IME, 'bulletproof' tires ride hard and slow, so there's always a tradeoff.


----------



## Dale (Mar 13, 2004)

go with bontrager race lite hardcase tires no flats in over 10,000 miles I use the 700x25


----------



## PlatyPius (Feb 1, 2009)

Bontrager tires suck.


----------



## darwinosx (Oct 12, 2010)

PlatyPius said:


> Bontrager tires suck.


Yes they do. God knows who makes them. Their wheels do too.
Hard to go wrong with Michelins or Continental for the most part.


----------



## tihsepa (Nov 27, 2008)

PlatyPius said:


> Bontrager tires suck.


Yes they do. 

I will one up you. Bontrager anything sucks. :thumbsup:


----------



## Buzzard (Sep 7, 2004)

I rode a pair of race lite wheels for 7 years without a single problem. I swapped them out this year for a set of carbons. Still as true as the day I bought them. I don't really remember the original tires. Perhaps their quality control has gone downhill.


----------



## darwinosx (Oct 12, 2010)

Bontrager parts used to mean something. Like Keith Bontrager himself designed them. Now they just slap his name on cheap Chinese parts to increase their profits.
Just like the way they ruined Klein after buying his company. All of a sudden Kleins had crummy knobby welds and horrible paint jobs.


----------



## Vitamin G (Aug 3, 2007)

Check your rim strips... maybe there is a problem there.


----------



## Hooben (Aug 22, 2004)

Don't feel too bad, all new bicycles come with crap tires. With that, get yourself some Gatorskins, or some Maxxis re-fuse tires. They have served me well. Don't use tire liners, spinning weight is the worst.


----------



## Pirx (Aug 9, 2009)

PlatyPius said:


> Bontrager tires suck.


Just about anything Bontrager sucks.



tihsepa said:


> I will one up you. Bontrager anything sucks. :thumbsup:


Sorry, just saw that you beat me to it. I'll second you, then.


----------



## JoeJoyce (Jul 3, 2012)

Hooben said:


> Don't feel too bad, all new bicycles come with crap tires. With that, get yourself some Gatorskins, or some Maxxis re-fuse tires. They have served me well. Don't use tire liners, spinning weight is the worst.
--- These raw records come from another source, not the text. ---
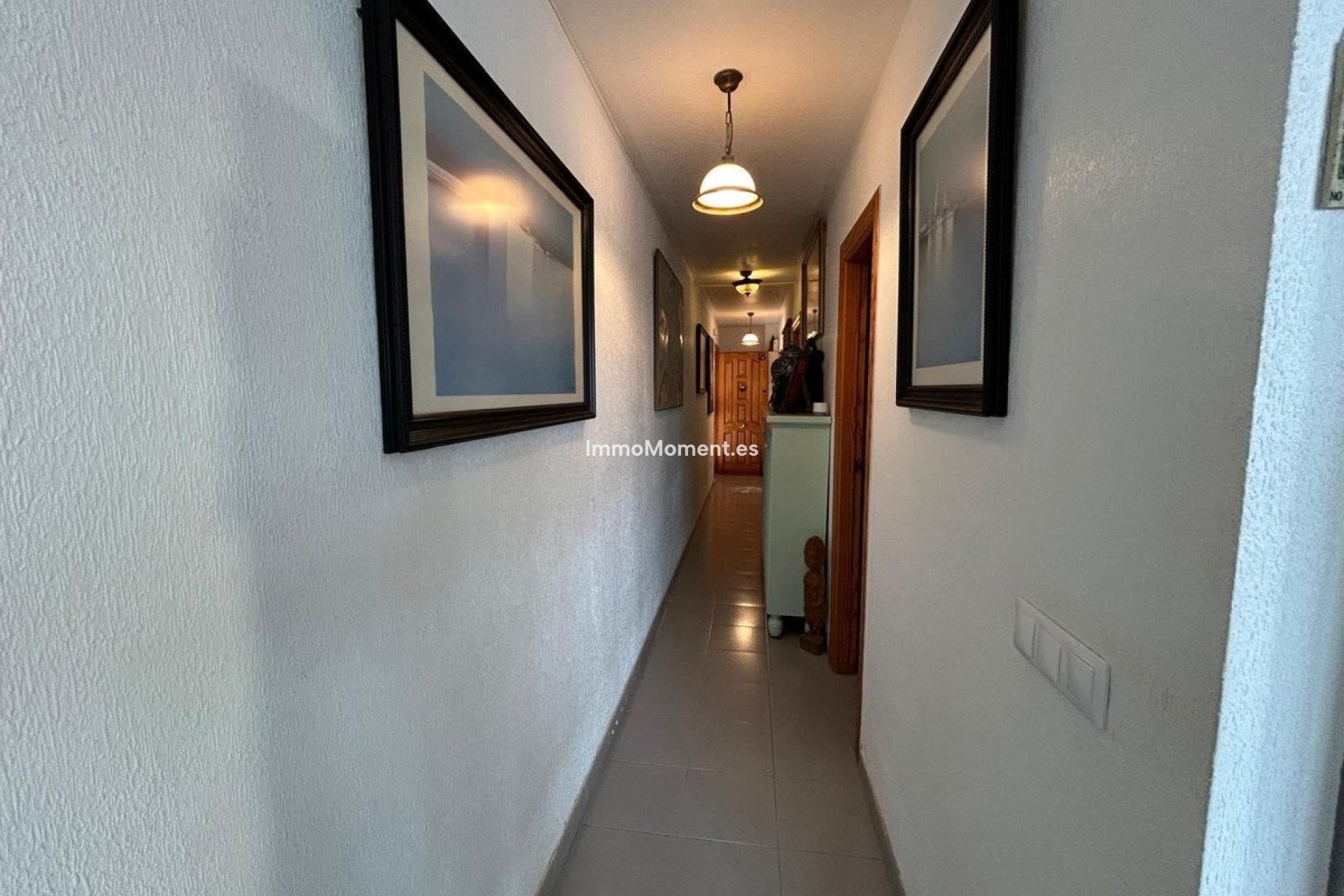 Resale - Apartment - Orihuela - Playa Flamenca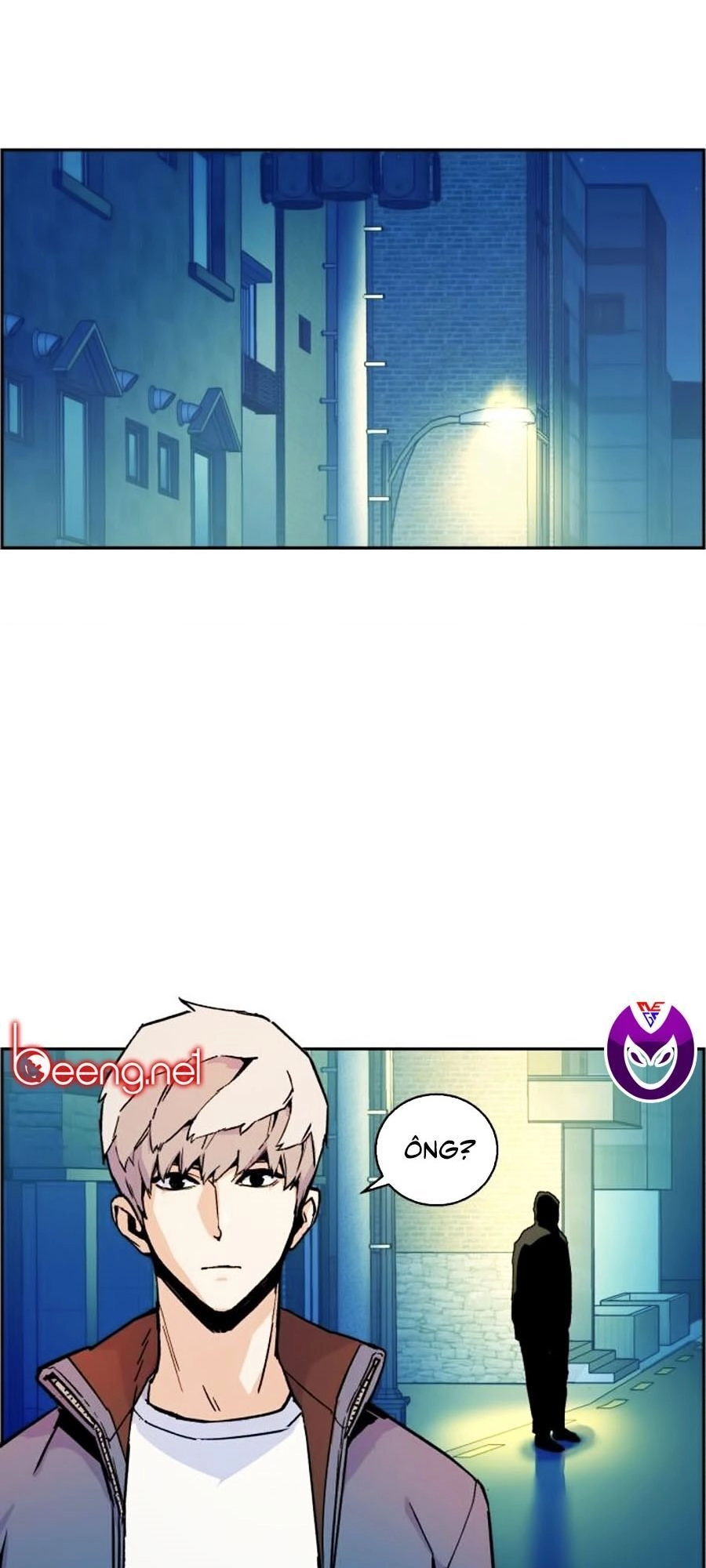 Bạn Học Của Tôi Là Lính Đánh Thuê Chapter 7 - 97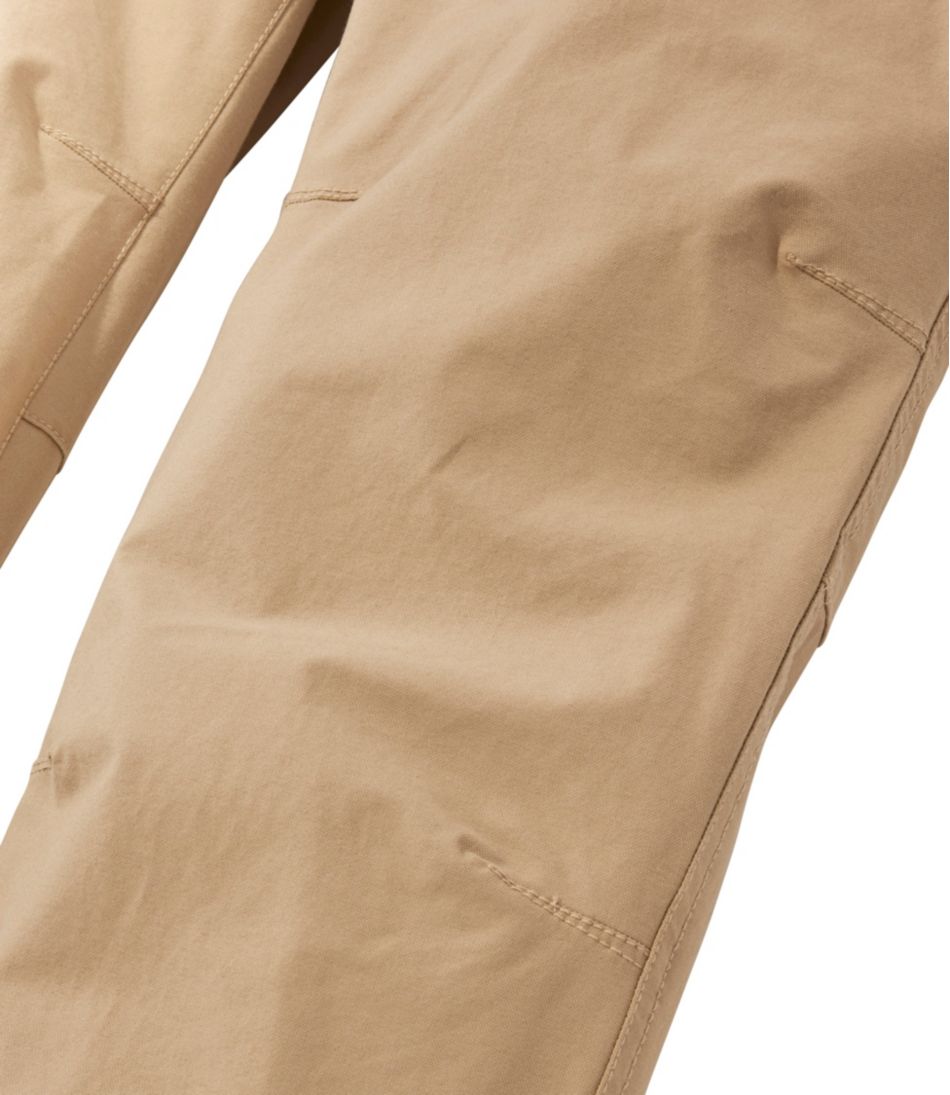 Men's Katahdin Performance Pants, Straight Leg - Image 7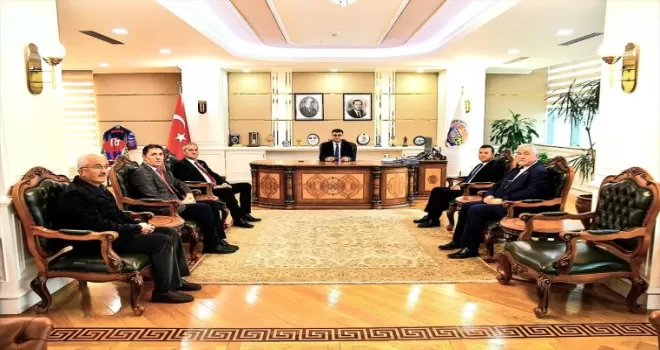 Karabük’ten kısa kısa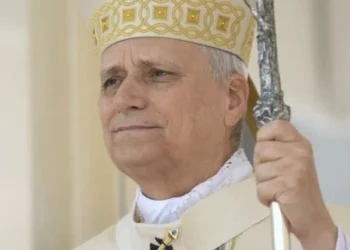El papa León XIV conecta con la generación Z: su mensaje en el ‘Woodstock’ católico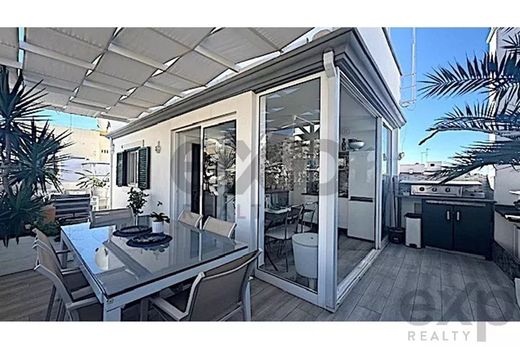 Olhão, Distrito de Faroの高級住宅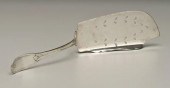 Charleston coin silver fish se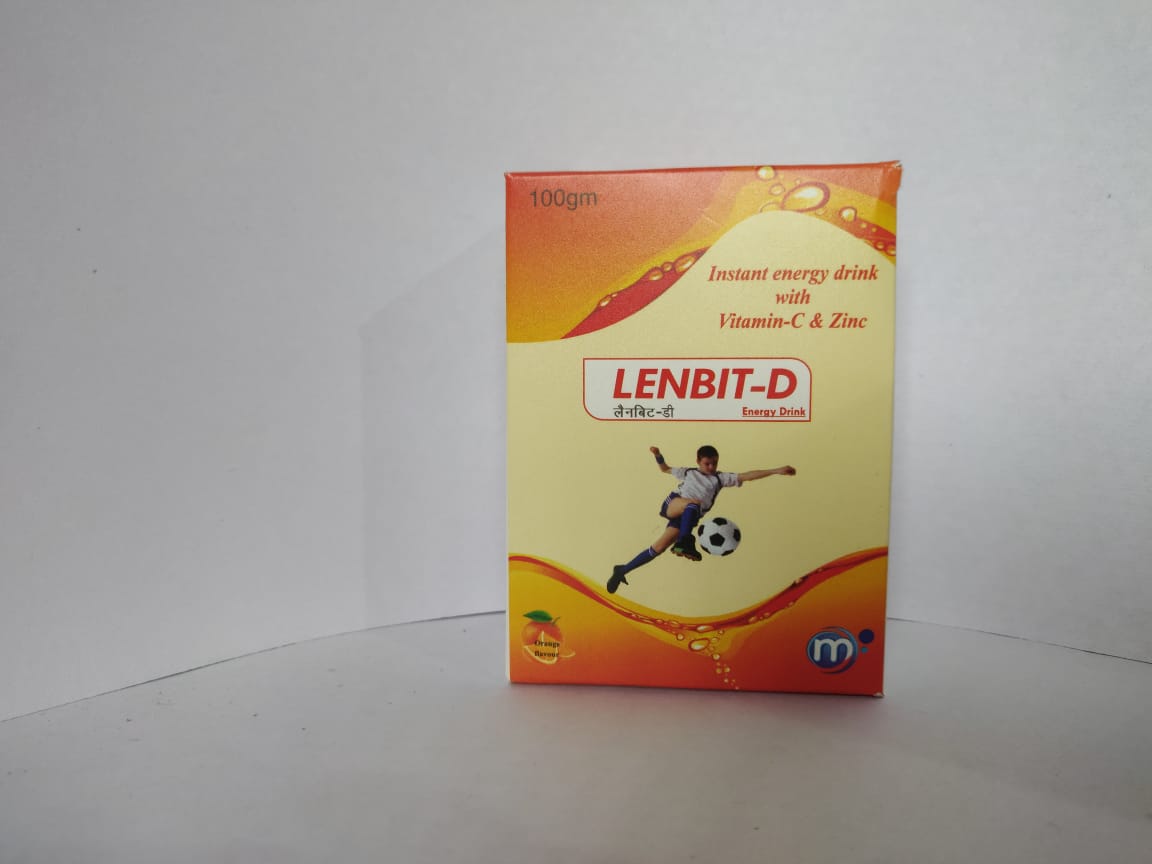 LENBIT-D
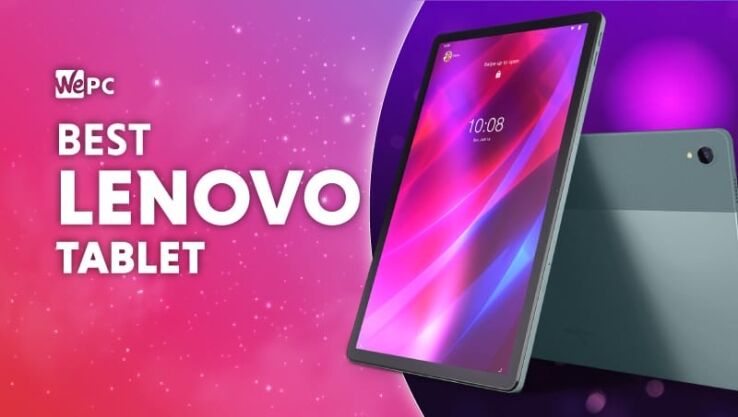 Best Lenovo tablet in 2024
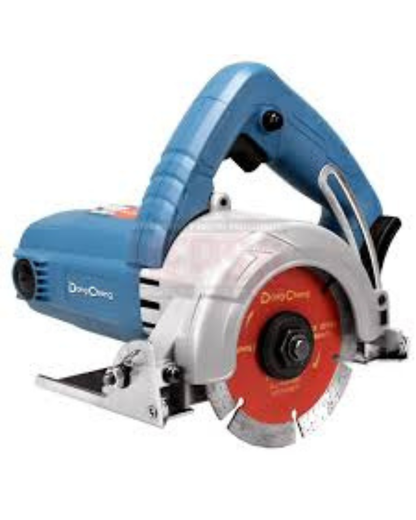 SIERRA CORTADORA DE MARMOL 4-3/8" 1400W 13850RPM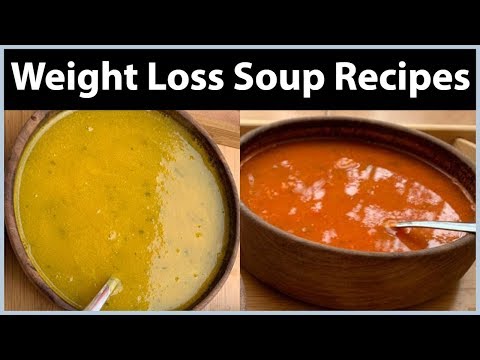 Featured image of post How to Make Tomato Soup Recipe In Hindi For Weight Loss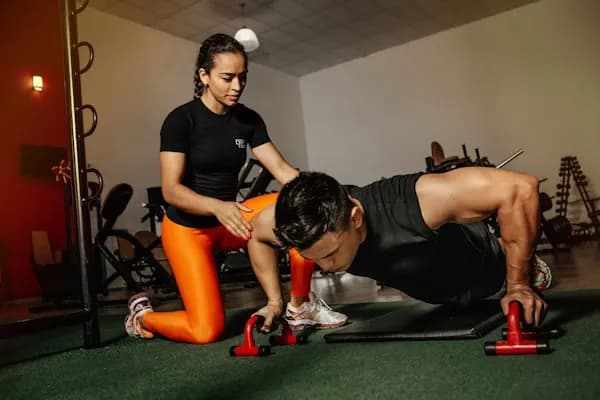 FitTech Pro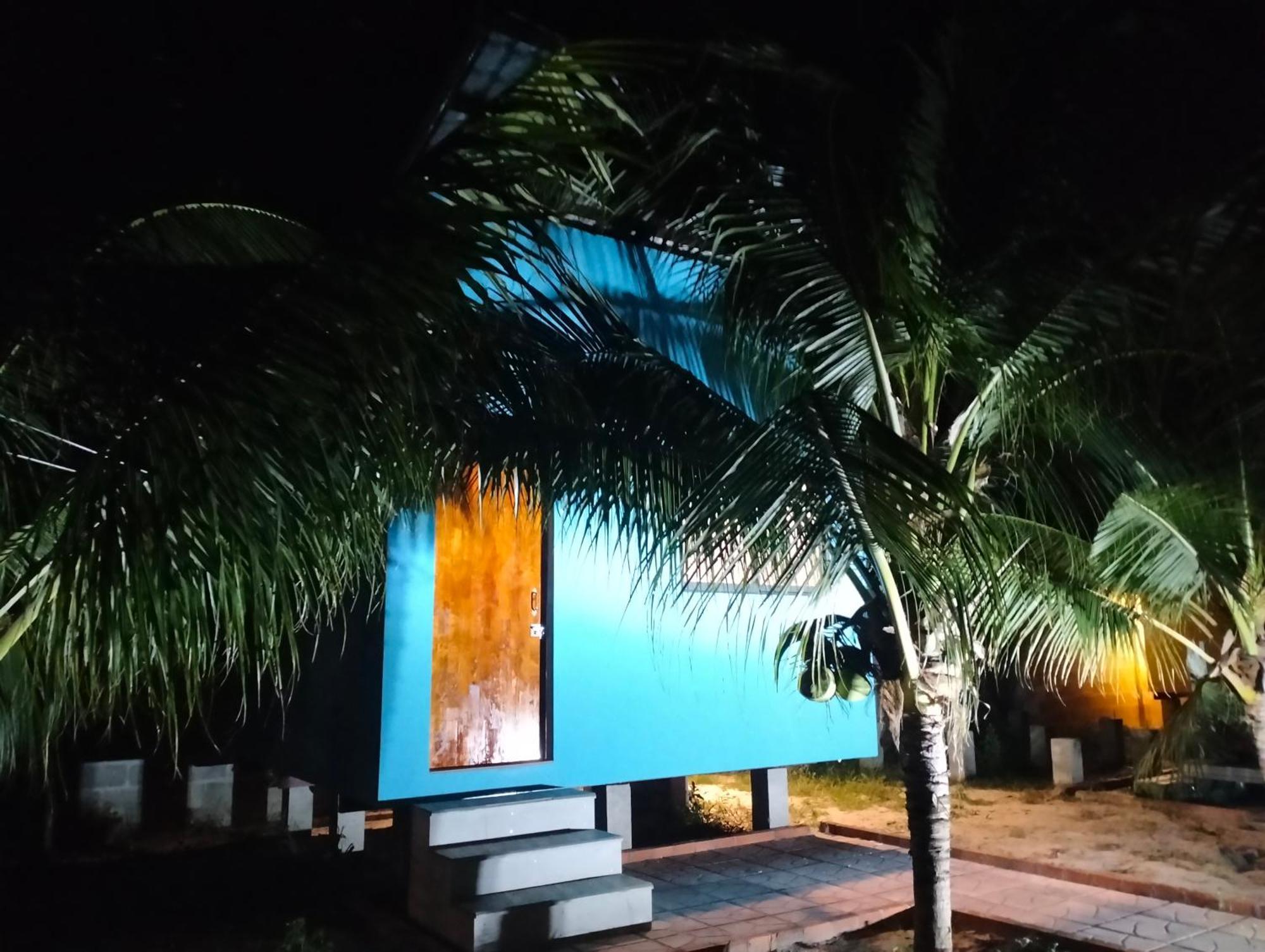 Bonnie Homestay Mui Ne Phan Thiết Esterno foto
I think I will switch to Gatorskins since I have had good experiences with Contential. Two follow up questions, though: Are Gatorskins a slower ride than the Bontrager? Not that I go that fast, but the Bontrager felt quick. Also what do "spinning weigh is the worst" with tire liners? Do you mean they add a weight to the wheels and go slower?

Thanks for you input!


----------



## mpre53 (Oct 25, 2011)

tihsepa said:


> Yes they do.
> 
> I will one up you. Bontrager anything sucks. :thumbsup:


I was waiting for this one. :lol:

But it's true. I can sit on almost anything for hours, except a Bontrager saddle.


----------



## Hooben (Aug 22, 2004)

According to my LBS, yes the liners add weight and the worst kind. 
The Gatorskins should really alleviate the problems with so many flats. They are quite fast. The Maxxis Re-fuse are wonderful and my LBS says they're actually lighter than the Gatorskins.


----------



## ecub (Sep 2, 2011)

Some people will be fine with the standard race lites, but it all depends on your road. I had a flat with them, but after switching to Bontrager All Weather Hard case, I can ride over ANYTHING, without any issues.


----------



## brianvosburgh (May 17, 2012)

Ordered ROL's Race SL wheelset for my Madone 4.5 and put GP 4000s' on them. Completely different bike. The stock Bontrager tires had no road feel or traction. The GP's inspire a whole new level of confidence in corners and all around handling. The ROL wheelset is incredible value - stiff, about 2.5 pounds off the bike from the Bontrager SSR boat anchors that came on the bike. The combo of wheel and tire is amazing. Highly recommend you go with the GP 4000s tires, you won't be disappointed.


----------



## RJP Diver (Jul 2, 2010)

Have you checked the location of the flats against the rims and tires? Could there be a piece of debris embedded in the tire or a burr or similar on the wheel? 6 flats in three months seems like a lot unless you're riding on roads paved with broken glass.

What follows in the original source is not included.